Templating allows you to drill down into your data, say, from all data to North America data, down to Texas data, and beyond. You can also share these dashboards across teams within your organization—or if you create a great dashboard template for a popular data source, you can contribute it to the whole community to customize and use.
Configure Grafana
If you're a Grafana administrator, then you'll want to thoroughly familiarize yourself with [Grafana configuration options]({{< relref "../administration/configuration.md" >}}) and the [Grafana CLI]({{< relref "../administration/cli.md" >}}).
Configuration covers both config files and environment variables. You can set up default ports, logging levels, email IP addresses, security, and more.

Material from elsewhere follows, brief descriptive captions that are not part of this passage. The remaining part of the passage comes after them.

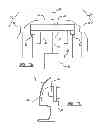 Fig. 07 - Pressure and acceleration based pedestrian impact sensor assembly for motor vehicles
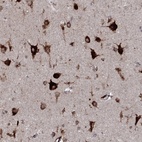 Immunohistochemical staining of human cerebral cortex shows high expression.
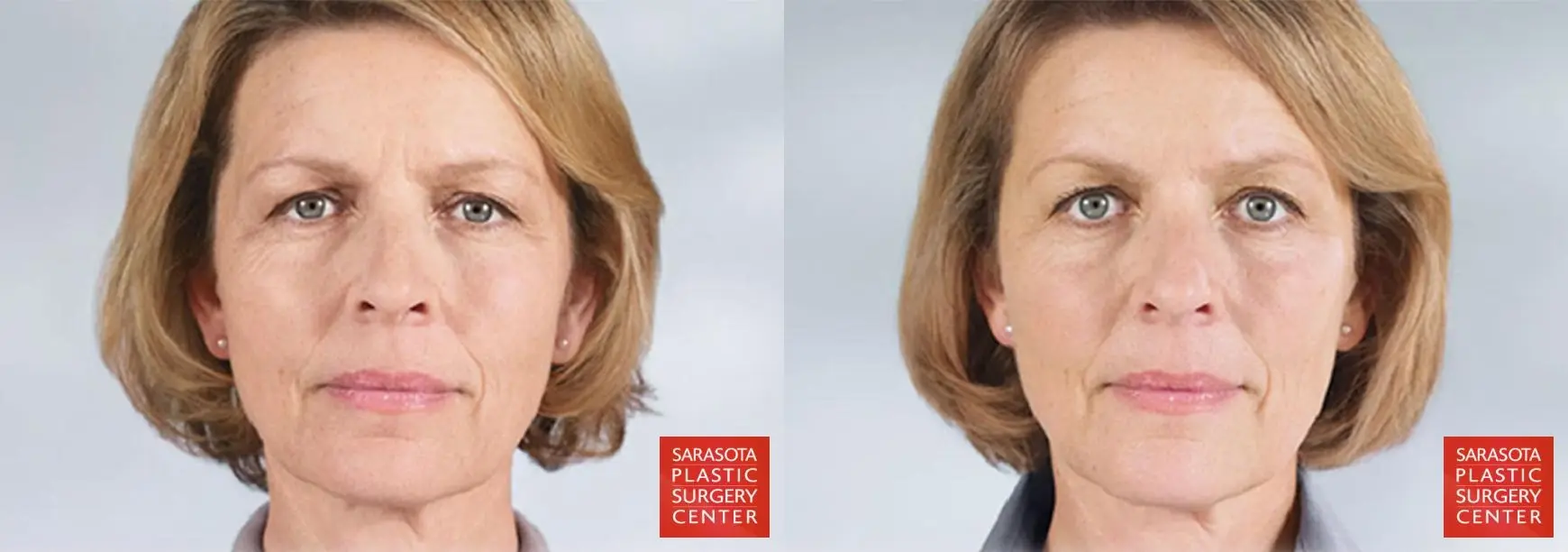 Sculptra®: Patient 1 - Before and After 1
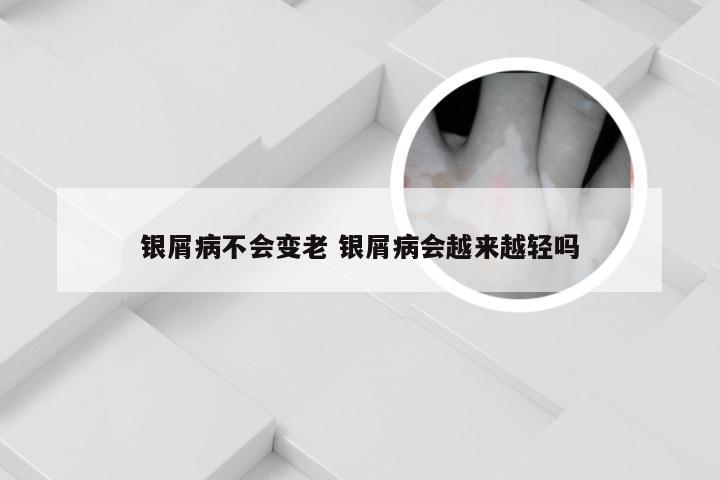 银屑病不会变老 银屑病会越来越轻吗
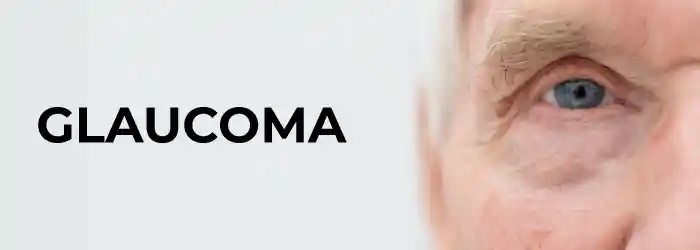 Best glaucoma eye treatment in hyderabad - smart vision eye hospitals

Import dashboards and plugins
Discover hundreds of dashboards and plugins in the official library. Thanks to the passion and momentum of community members, new ones are added every week.
Authentication
Grafana supports different authentication methods, such as LDAP and OAuth, and allows you to map users to organizations. Refer to the [User authentication overview]({{< relref "../auth/overview.md" >}}) for more information.
In Grafana Enterprise, you can also map users to teams: If your company has its own authentication system, Grafana allows you to map the teams in your internal systems to teams in Grafana. That way, you can automatically give people access to the dashboards designated for their teams. Refer to [Grafana Enterprise]({{< relref "../enterprise/_index.md" >}}) for more information.
Provisioning
While it's easy to click, drag, and drop to create a single dashboard, power users in need of many dashboards will want to automate the setup with a script. You can script anything in Grafana.
For example, if you're spinning up a new Kubernetes cluster, you can also spin up a Grafana automatically with a script that would have the right server, IP address, and data sources preset and locked in so users cannot change them. It's also a way of getting control over a lot of dashboards. Refer to [Provisioning]({{< relref "../administration/provisioning.md" >}}) for more information.
Permissions
When organizations have one Grafana and multiple teams, they often want the ability to both keep things separate and share dashboards. You can create a team of users and then set [permissions]({{< relref "../permissions/_index.md" >}}) on folders, dashboards, and down to the [data source level]({{< relref "../enterprise/datasource_permissions.md" >}}) if you're using [Grafana Enterprise]({{< relref "../enterprise/_index.md" >}}).